Sepur-sepuran Orang Mega(lo)politan

▒ Lama baca < 1 menit

SEMOGA SUDAH DISINETRONKAN.

sepur ciujung

Seorang sobat mengajukan syarat untuk bertemu. Paling malam usai pukul sepuluhan, di lokasi yang segeberan gas ojek dari stasiun Palmerah maupun Duku Atas. Saya langsung menebak: dia sudah diuntungkan oleh kereta api Ciujung (Serpong-Jakarta).

Memang kereta sampai malam itu menguntungkan pekerja yang dapat memanfaatkannya. Misalnya orang Bintaro, Serpong, Ciputat. Orang Pondokgede juga bisa memanfaatkan, naik dari Duku Atas sampai Serpong, lantas dari stasiun tujuan berganti taksi (mahal!) atau ojek (tukang ojeknya nyasar waktu pulang), atau menyetir mobi; sejauh 50 km. Intinya: tidak praktis bahkan ngawur.

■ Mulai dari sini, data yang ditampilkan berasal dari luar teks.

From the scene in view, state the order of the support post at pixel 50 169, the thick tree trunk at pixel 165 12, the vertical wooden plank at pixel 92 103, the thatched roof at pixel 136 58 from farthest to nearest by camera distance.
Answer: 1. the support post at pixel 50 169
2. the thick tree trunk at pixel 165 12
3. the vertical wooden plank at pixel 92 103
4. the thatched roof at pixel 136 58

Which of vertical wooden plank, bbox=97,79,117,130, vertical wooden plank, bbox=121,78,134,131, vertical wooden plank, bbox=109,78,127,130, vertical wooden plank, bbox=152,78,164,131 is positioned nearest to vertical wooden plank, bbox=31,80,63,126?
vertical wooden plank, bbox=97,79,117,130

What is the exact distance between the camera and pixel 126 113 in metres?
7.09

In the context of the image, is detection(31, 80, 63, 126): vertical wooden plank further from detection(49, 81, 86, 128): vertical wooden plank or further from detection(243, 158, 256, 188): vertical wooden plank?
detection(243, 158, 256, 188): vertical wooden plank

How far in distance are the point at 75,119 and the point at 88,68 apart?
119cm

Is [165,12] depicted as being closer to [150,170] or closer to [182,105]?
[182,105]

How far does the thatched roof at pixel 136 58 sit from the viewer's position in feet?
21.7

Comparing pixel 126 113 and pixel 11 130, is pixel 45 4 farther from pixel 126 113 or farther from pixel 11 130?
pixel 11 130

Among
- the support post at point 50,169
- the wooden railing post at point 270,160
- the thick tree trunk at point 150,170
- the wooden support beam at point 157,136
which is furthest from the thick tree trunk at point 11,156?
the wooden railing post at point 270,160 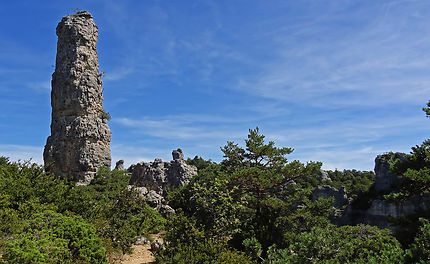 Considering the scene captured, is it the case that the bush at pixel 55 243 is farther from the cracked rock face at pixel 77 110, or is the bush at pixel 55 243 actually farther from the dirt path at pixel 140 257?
the cracked rock face at pixel 77 110

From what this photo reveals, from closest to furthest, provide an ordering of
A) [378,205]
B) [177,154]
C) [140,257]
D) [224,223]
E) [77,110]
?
[224,223] → [140,257] → [77,110] → [378,205] → [177,154]

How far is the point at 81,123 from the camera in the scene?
36938mm

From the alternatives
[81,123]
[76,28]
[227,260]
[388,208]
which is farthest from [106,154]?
[388,208]

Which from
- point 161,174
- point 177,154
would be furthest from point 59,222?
point 177,154

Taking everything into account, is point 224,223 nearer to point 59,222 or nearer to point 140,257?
point 140,257

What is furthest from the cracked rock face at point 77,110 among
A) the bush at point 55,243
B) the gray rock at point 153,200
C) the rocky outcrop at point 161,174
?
the bush at point 55,243

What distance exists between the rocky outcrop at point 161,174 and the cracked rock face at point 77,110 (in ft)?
16.2

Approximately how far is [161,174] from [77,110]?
13.7 metres

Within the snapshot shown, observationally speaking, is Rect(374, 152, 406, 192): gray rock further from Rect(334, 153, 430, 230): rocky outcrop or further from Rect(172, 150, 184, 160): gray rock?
Rect(172, 150, 184, 160): gray rock

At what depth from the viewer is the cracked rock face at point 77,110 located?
121 ft

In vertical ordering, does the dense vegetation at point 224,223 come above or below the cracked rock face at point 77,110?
below

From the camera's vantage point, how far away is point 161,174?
123 ft

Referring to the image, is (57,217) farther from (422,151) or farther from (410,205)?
(410,205)

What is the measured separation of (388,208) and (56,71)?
49991 mm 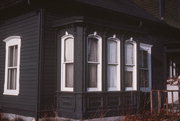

Menyetir mobil di Jakarta itu semakin tidak menyenangkan. Makanya beberapa eksekutif di pusat bisnis, yang bermukim di kawasan dekat stasiun, pada memilih kereta.

Ketika menyetir mobil hanya mendatangkan stres (termasuk mencari parkiran) dan membuang-buang BBM, angkutan umum yang beradab pun menjadi kebutuhan. Kepepetnya ya tetap naik mobil tapi disambung sarana transportasi (yang diupayakan oleh) publik, yaitu ojek.

Maka bisa saja selepas lunch di Setiabudi Building (Jalan H.R. Rasuna Said), mobil tetap diparkir di sana, lantas pemiliknya naik ojek ke Ritz Carlton Mega Kuningan.

Saya pernah tahu ada orang yang menitipkan mobil ke valet service Cilandak Town Square, lantas memanggil ojek untuk mengantarnya ke Mayestik. Orang yang sama pernah meninggalkan mobilnya di Hotel Nikko (Jalan Thamrin) seusai acara, lantas naik TransJakarta ke Blok M, disambung ojek ke Gandaria. Pernah pula dia menyerahkan mobil ke valet Plaza Semanggi, lantas berojek ke Kuningan.

Karena saya bukan pengamat sinetron maka saya tak tahu apakah adegan eksekutif berkereta dan berojek itu pernah disisipkan. Tanpa diantar sopir mobil pribadi atau dinas, sehari ingin mencapai empat lokasi di Jakarta kadang hanya berbuah sakit jiwa.

Mass rapid transit, itu kuncinya. Masalahnya pemerintah gagap dalam menyediakan. Ukuran kemajuan baru sebatas gedung bagus, jalan (yang semoga) mulus, dan seliweran mobil pribadi. Pada kampanye pemilihan presiden 2004 setahu saya kandidat yang menyebut rel ganda Jakarta-Surabaya hanya Mega-Hasyim.

Para tuan di pemerintahan, pun di parlemen, hanya menjadikan urusan transportasi massal sebagai alasan studi banding dan tambahan pekerjaan rumah, tanpa penghayatan pol-polan. Kenapa? Mereka tak pernah menggunakan angkutan umum.